Mardi 4 mai 2010 par Catherine Dupeyron

 

Un bazar iranien à Jérusalem

La Révolution iranienne de 1979 a provoqué une forte immigration juive en Israël. Les « Parsim » parlent du peuple iranien avec admiration, voire nostalgie. Pour eux, le pouvoir iranien actuel ne représente pas l’Iran « moderne et raffiné » qu’ils ont connu.

 

« Les voyageurs du vol Tel Aviv-Téhéran sont priés de se présenter en porte 5 », annonce l’hôtesse d’El Al à l’aéroport Ben Gourion. Une telle annonce semble relever de la science-fiction. Et pourtant, il fut un temps, pas si lointain, où il existait deux vols hebdomadaires assurant la liaison directe entre les deux villes. Bien sûr, c’était avant la Révolution iranienne de 1979. Pendant les années 70, le gouvernement du Shah collaborait même avec Israël pour la fabrication d’un missile terre-terre. « Aujourd’hui, l’Iran produit des missiles pour détruire Israël. Vous voyez comme le monde a changé ! » souligne Ménashé Amir, dans un parfait français, appris à l’Alliance de Téhéran. L’homme est considéré comme l’un des meilleurs experts israéliens sur l’Iran.

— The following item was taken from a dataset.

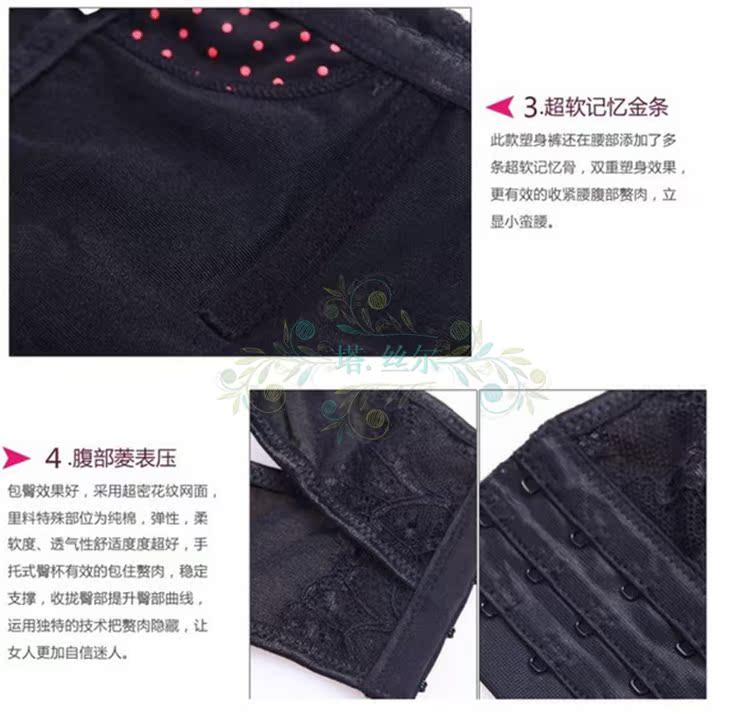 body amincissant simple en nylon - Ref 685321 Image 7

Les Juifs iraniens, « Ha Parsim » (les Perses) comme ils se définissent en Israël, constituent l’une des diasporas juives les plus anciennes et elle reste la plus nombreuse en Asie malgré l’émigration massive provoquée par la Révolution. En six mois, la moitié des Juifs iraniens quitte le pays pour Israël ou les Etats-Unis notamment. Ils partent sans rien, abandonnant pour certains de grandes fortunes. « Les Juifs d’Iran étaient en danger pour trois raisons. Ayant largement prospéré sur le plan économique sous le régime du Shah, ils étaient identifiés à ce dernier. Ensuite, les Juifs sont considérés comme impurs par la religion chiite. Enfin, ils étaient assimilés à Israël », explique Amir.

Moshé Pourstamian, directeur à l’époque d’une des plus grandes banques iraniennes, quitte Téhéran quelques jours avant l’arrivée de Khomeiny au pouvoir et revient peu après sur l’insistance de l’un de ses adjoints, un musulman qui l’assure qu’il ne sera pas inquiété par le nouveau pouvoir. Mais dix-huit mois plus tard, Moshé est accusé « d’avoir aidé le Shah et pris l’argent des musulmans pour le donner aux sionistes ». Il est emprisonné plus de quatre mois. Libéré, il organise son départ et celui de sa famille avec l’aide précieuse d’amis musulmans. Il arrive en Israël en août 1981.

Moshé envie un peu les « Parsim » arrivés dans les années 50-60. « Nous, on a été contraint de partir. S’il n’y avait pas eu la Révolution, on serait sans doute resté en Iran. Ceux qui sont venus avant, par sionisme, étaient de vrais pionniers. Leurs enfants ont fait l’armée dans des unités combattantes. Shaul Mofaz (ndlr, chef d’Etat-major de l’armée, 1998-2002) en est un bon exemple ». Cependant, la réalité est loin de cette image d’Epinal. « Environ la moitié des immigrants de la première heure est repartie en Iran au début des années 50, car les conditions d’intégration étaient trop dures », remarque Ménashé Amir. Quant à ceux qui sont restés, c’était parfois « contraints et forcés ».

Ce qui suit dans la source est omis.